Solar magnetic field and Solar activities

    Solar activities include various phenomena on different scales: granules, spikes, flow along fibrils on small scale, and sunspot, flare, supergranule on active region scale, and filament (prominence), corona hole, coronal mass ejection (CME) on heliospheric scale. Almost all of these activities are associated with magnetic field. The following texts describe the relationship of magnetic fields with solar flare, filament (prominence) eruption, CME.

1. Solar magnetic field and Solar flare
    The solar magnetic fields in photosphere of the Sun can be directly diagnosed by measuring the Zeeman Effect of spectral lines formed in the photosphere. The so-called Zeeman Effect is the effect of splitting a spectral line into several components in the presence of a static magnetic field. The measured polarization of the split components of the spectral lines depends on the magnitude and direction of the magnetic field vector. By measuring the circular and linear polarization of the spectral line, one can derive the magnetic field vector in principle with some assumption of the solar atmosphere. So far, the relative reliable measurement of magnetic field of the Sun is just for the photosphere.

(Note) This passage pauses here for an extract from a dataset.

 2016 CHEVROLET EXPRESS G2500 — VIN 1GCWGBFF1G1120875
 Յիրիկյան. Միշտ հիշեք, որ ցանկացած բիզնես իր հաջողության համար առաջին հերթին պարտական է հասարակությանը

Figure 1 The Carrington Flare observed in 1859

    It is found that the occurrence and process of solar flare are very closely related to the solar magnetic field, and now it is believed that the energy released during solar flares originates from the conversion of solar magnetic field energy. Figure 2 shows a line-of-sight (LOS) magnetogram of a large famous sunspot active region observed by Huairou Solar Observing Station (HSOS), National Astronomical Observatories of China (Small earth on the upper-right corner illustrates a relative scale). This active region with large area has very complex magnetic configuration, different from the common 'leading and following' dipole type, and therefore contains higher non-potential magnetic energy which leads to the eruption of a large flare. The magnetic field reconnection during flare changes the magnetic field topology, which represents the structure configuration of magnetic field evolving from the high-energy state to the low-energy state. After flare, the magnetic field inclines to the low energy state approaching the potential field, and the longitudinal field decreases along the neutral line region, accompanied by the transverse field increasing.

Figure 2 Line-of-sight magnetogram of a large active region

2. Solar magnetic field, filament eruption and CME
    In the solar chromosphere, there often appear some faint stripe structures, which absorb the background light on solar disk and are called filament. When these structures are observed at the solar limb, they become brighter than the dark cosmic background and resemble as a convex 'ear' of the Sun on large-scale case, and therefore are called prominence. Due to magnetic force, the filament composed of low temperature and high-density materials is suspended and supported in high temperature and low-density corona and chromosphere. Figure 3 shows a huge filament and corresponding LOS photospheric magnetic field. The filament normally appears on the boundary of opposite magnetic field (magnetic neutral line), and the magnetic field plays an important role in supporting the filament. Modern high-resolution imaging observation shows that the filament is very dynamic on the microscopic level. The traditional filament model can qualitatively illustrate how the filament suspends and what supports the filament, but it cannot explain filament oscillation, fiber structure, material falling, etc. The observation of filament magnetic field in high resolution will further clarify these problems.

Figure 3 Filaments on the solar disk and corresponding LOS magnetic fields

    Filaments can disappear or reappear due to the local heating, and it can also erupt completely. For the three processes, filament eruption, flare, and CME, it is difficult to thoroughly separate one from the others, and actually it is a variation of corona and chromosphere as a whole. Figure 4 shows the eruption process of an east-west extended filament on the north-west solar limb. In the initial stage, the filament is suspended along the neutral line of the large scale dipole magnetic field (left panel, SOHO/MDI); the filament loses stability and floats up (marked with 'F' in the middle panel, SOHO/EIT); the filament becomes a part of the CME after eruption (marked with 'P' in the right panel, SOHO/LASCO).

Figure 4 Eruption of a large filament and its relation with CME

    The numerical simulation of magnetohydrodynamics (MHD) demonstrates that a magnetic flux tube enters the corona from solar interior can form a stable configuration initially. Due to the various motion of magnetic field in the photosphere or the magnetic flux emergence, the corona accumulates excess free energy by shearing, winding or by new emerging process of the photospheric magnetic field. As soon as the instability condition is reached, the filament is driven to erupt and then subsequently form CME's and flares.